=== Section Start ===

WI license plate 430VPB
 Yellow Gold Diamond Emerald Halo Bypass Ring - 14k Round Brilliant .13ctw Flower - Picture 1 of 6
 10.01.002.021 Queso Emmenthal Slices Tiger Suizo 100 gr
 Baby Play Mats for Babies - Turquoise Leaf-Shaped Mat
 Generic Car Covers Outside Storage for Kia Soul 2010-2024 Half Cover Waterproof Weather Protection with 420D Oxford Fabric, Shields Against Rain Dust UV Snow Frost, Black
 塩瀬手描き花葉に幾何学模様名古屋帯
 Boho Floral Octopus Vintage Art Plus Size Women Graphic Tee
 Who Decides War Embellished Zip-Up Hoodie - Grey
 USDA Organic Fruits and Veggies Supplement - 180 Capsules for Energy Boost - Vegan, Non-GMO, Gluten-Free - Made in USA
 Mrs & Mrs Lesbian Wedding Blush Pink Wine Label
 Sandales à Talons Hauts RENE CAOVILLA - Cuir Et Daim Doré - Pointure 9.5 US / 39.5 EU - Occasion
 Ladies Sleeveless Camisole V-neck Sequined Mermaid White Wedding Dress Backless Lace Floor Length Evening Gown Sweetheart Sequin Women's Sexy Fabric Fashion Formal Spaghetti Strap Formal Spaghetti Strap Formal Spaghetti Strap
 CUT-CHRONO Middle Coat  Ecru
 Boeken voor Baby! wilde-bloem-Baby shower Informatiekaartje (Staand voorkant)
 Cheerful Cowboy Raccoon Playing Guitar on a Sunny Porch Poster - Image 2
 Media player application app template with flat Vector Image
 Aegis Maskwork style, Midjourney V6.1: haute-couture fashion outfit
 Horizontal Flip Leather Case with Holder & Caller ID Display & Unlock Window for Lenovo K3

=== Section End ===

§ **Your instructions**: From the line with "USDA Organic Fruits" to the final line of the entries above, return every line exactly as written.

§ **Task result**:
 USDA Organic Fruits and Veggies Supplement - 180 Capsules for Energy Boost - Vegan, Non-GMO, Gluten-Free - Made in USA
 Mrs & Mrs Lesbian Wedding Blush Pink Wine Label
 Sandales à Talons Hauts RENE CAOVILLA - Cuir Et Daim Doré - Pointure 9.5 US / 39.5 EU - Occasion
 Ladies Sleeveless Camisole V-neck Sequined Mermaid White Wedding Dress Backless Lace Floor Length Evening Gown Sweetheart Sequin Women's Sexy Fabric Fashion Formal Spaghetti Strap Formal Spaghetti Strap Formal Spaghetti Strap
 CUT-CHRONO Middle Coat  Ecru
 Boeken voor Baby! wilde-bloem-Baby shower Informatiekaartje (Staand voorkant)
 Cheerful Cowboy Raccoon Playing Guitar on a Sunny Porch Poster - Image 2
 Media player application app template with flat Vector Image
 Aegis Maskwork style, Midjourney V6.1: haute-couture fashion outfit
 Horizontal Flip Leather Case with Holder & Caller ID Display & Unlock Window for Lenovo K3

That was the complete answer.